Charles “Buddy” Bolden (1867–1831) is one of the central figures in New Orleans music, yet his place in the history of jazz remains tenuous. His name may mean nothing to a casual jazz listener but his legacy, a collage of truth, whispers and some rumors, lives on.

Much of what is known of Bolden comes from oral accounts passed down decades after his death. Records about his life remain scarce. It was often said that he cut hair at a barber shop in New Orleans; jumped from a hot air balloon over Lincoln Park and played his coronet on the way down; moonlighted as the editor of a scandal sheet called The Cricket.

What music scholars do know is that Bolden grew up in the New Orleans’ neighborhood now known as Central City. It’s likely that there, from childhood, he was constantly exposed to brass bands parading through the streets. He probably attended Fisk School and may have even graduated. During this time Bolden began studying the coronet.
Bolden would later become a working musician known for his loud sound and improvisational skills. He played in parades, at picnics, parks and union halls, and was a favorite at the honky-tonks. Yet this talented pioneering jazz musician had schizophrenia.

He was unable to properly read music and had impaired motor function. He only improvised on his coronet, playing the ragtime music popular from the 1890s to the 1920s. It never mattered because people loved him.

Bolden was arrested for the first time in 1906. According to newspaper reports, Bolden, in a fit of psychosis, was convinced he was being drugged or poisoned. He attacked his caregiver, who was either his mother or his mother-in-law. “He was booked on a charge of being insane, and alcohol abuse was cited as the reason for his insanity.”

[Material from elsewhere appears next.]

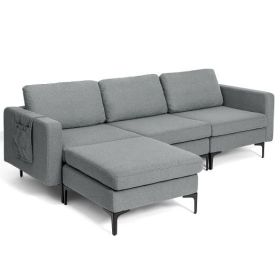 Modular 3-Seat L-shaped Sectional Sofa with Reversible Chaise and 2 USB Ports-Dark Gray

How long Bolden was jailed is unknown. His life, however, would deteriorate after the incident. He became erratic and unreliable; he eventually quit playing his coronet. His final public performance was during a parade on Labor Day 1906. He dropped out of the festivities before the finish.

Two more arrests were made the following year. After the third (March 13, 1907), Bolden was committed to the State Insane Asylum in Jackson, La. It was there that he would spend the rest of his life.

By the time New Orleans music was dubbed jazz (1918) Bolden had been in the mental asylum for more than a decade. He was a distant memory.

It is suggested that Bolden was a byproduct of his time and circumstances. He was an improviser; there was no trace of written music left. He performed at the beginning of the age of recorded music and silent film, so there are no known video or audio traces of him. So far, only one photograph of him has been discovered.

Bolden died in obscurity. He was buried in Holt Cemetery in New Orleans, but the location is unknown.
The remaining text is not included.